Which format makes sense depends on the size of the team and how often it's used. A company with five employees doesn't need a web-based brand portal – but it does need a well-structured PDF that everyone can find and understand. The main difference from a full design system is depth: a style guide documents rules, a design system delivers ready-made, reusable components for digital products.
How a style guide is created: the process
Ideally, the style guide is created in parallel with logo development or as part of a rebranding project. It is not a downstream document, but part of the design work itself. Typical process:
- Define design fundamentals: Logo, colors, typography, and imagery are developed and defined.
- Testing applications: The design elements are applied to real-world uses — website, business card, stationery, social media template. Only the application shows whether the system works.
- Derive rules: Binding rules are derived from the applications and documented.
- Define prohibitions: What is explicitly not allowed is at least as important as what is allowed.
- Approval and handover: The guide is discussed with the company, approved, and delivered as a finished file.
In practice: who works with it
Real-world example: An engineering firm with 25 employees had a complete style guide created. The result: a 32-page PDF stored on the internal server. Since then, external service providers (print shop, photographer, web developer) receive the guide at first contact. Follow-up questions on design tasks dropped noticeably because everyone works from the same specifications. New marketing employees actively rely on it during their first weeks. The guide has proven itself as an internal communication tool – not just a rulebook.
Who works with it: marketing staff, external agencies and freelancers, print shops, the people responsible for social media, the sales team for presentations. In short: everyone who represents the brand in any form.
Frequently asked questions
What belongs in a style guide?
At minimum: logo (variants, clear space, don'ts), color palette (primary, secondary, and neutral colors with hex/RGB/CMYK values), typography (fonts, hierarchy, sizes), imagery (style, subjects, quality requirements), and tonality (language, form of address, forbidden words). More extensive guides add layout grids, iconography, and templates.
What is the difference between a style guide and a design system?
A style guide documents the ground rules of a brand's appearance – it's a rulebook. A design system goes further: it also contains finished, reusable components (e.g. button styles, card layouts, form elements) and is typically managed digitally and integrated directly into the development process.

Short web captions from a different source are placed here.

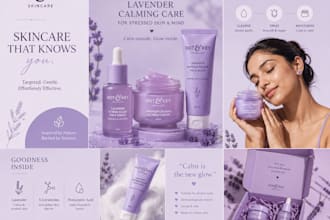 design cosmetic product marketing and promotional posters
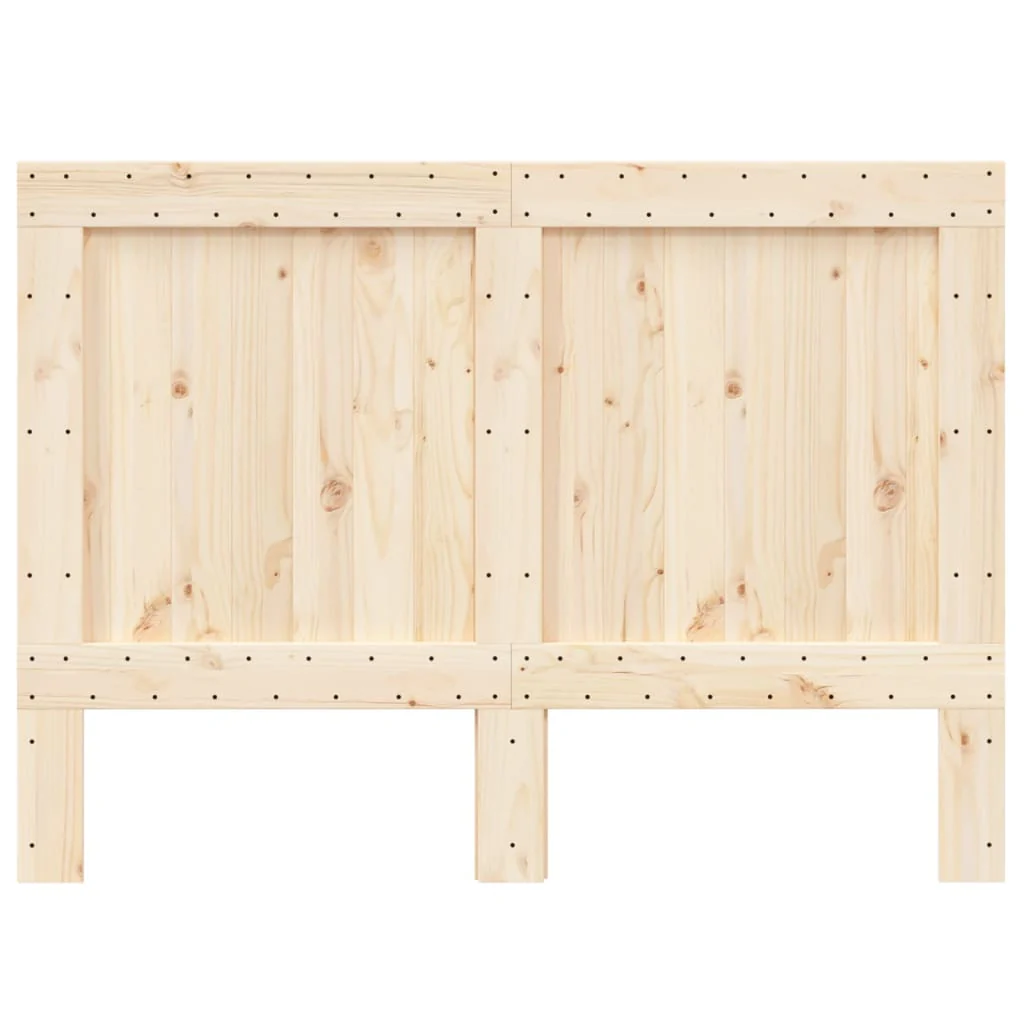 sengegavl 140x104 cm massivt fyrretræ - Image 3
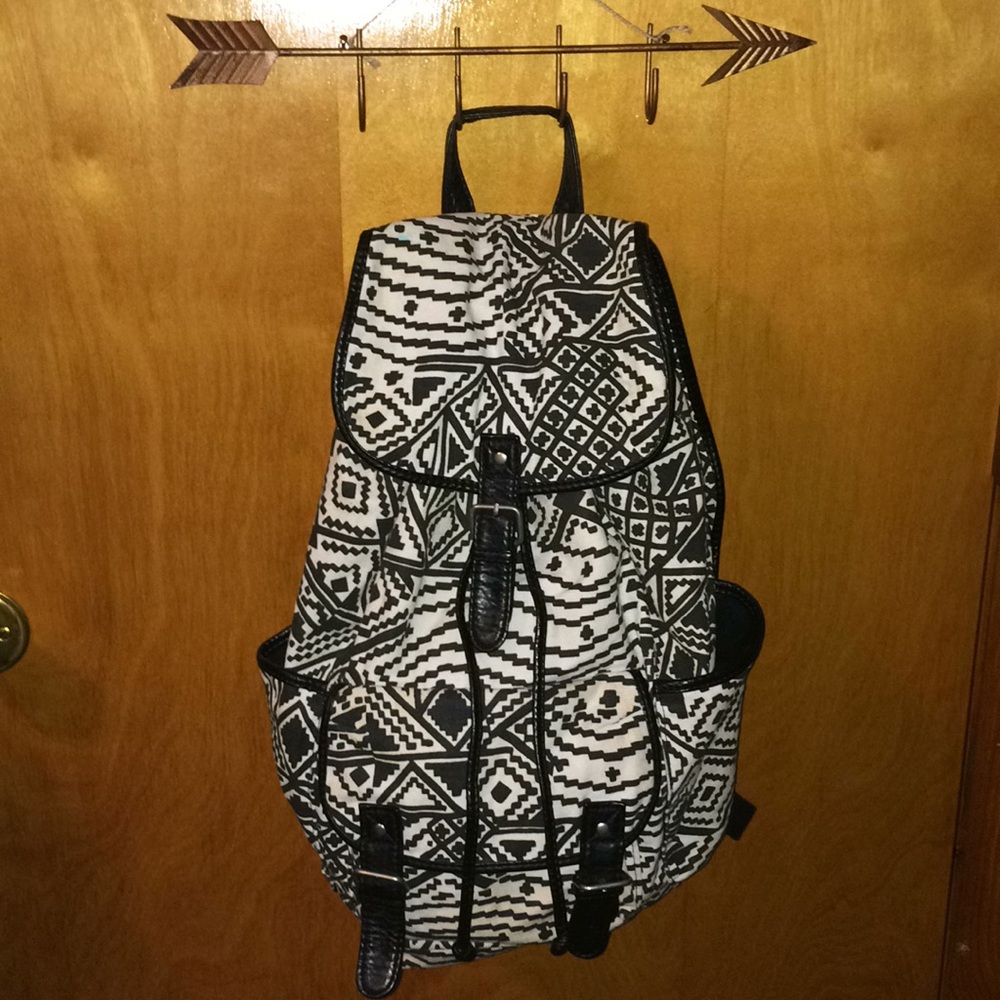 Tribal Print Backpack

How extensive should a style guide be?
As comprehensive as necessary, as lean as possible. A style guide nobody reads because it's 200 pages long is worth less than a clear 20-page guide that gets used every day. For most SMEs, 20 to 50 pages are entirely sufficient.
Who maintains the style guide?
Ideally, one responsible person in the company — often in marketing or management — who coordinates and communicates changes. In larger organizations, brand management takes on this role. What's important is that the guide is versioned and regularly checked for currency.
What does a style guide cost?
A solid style guide for an SME, created as part of a logo development or rebranding process, varies considerably depending on depth and scope. As a standalone project, it's in any case a sensible investment protecting all your previous brand work.
Can a style guide be extended later?
Yes, and that's explicitly recommended. Many companies start with a compact basic guide and expand it when new channels, products, or target groups are added. What matters is that extensions are documented and communicated.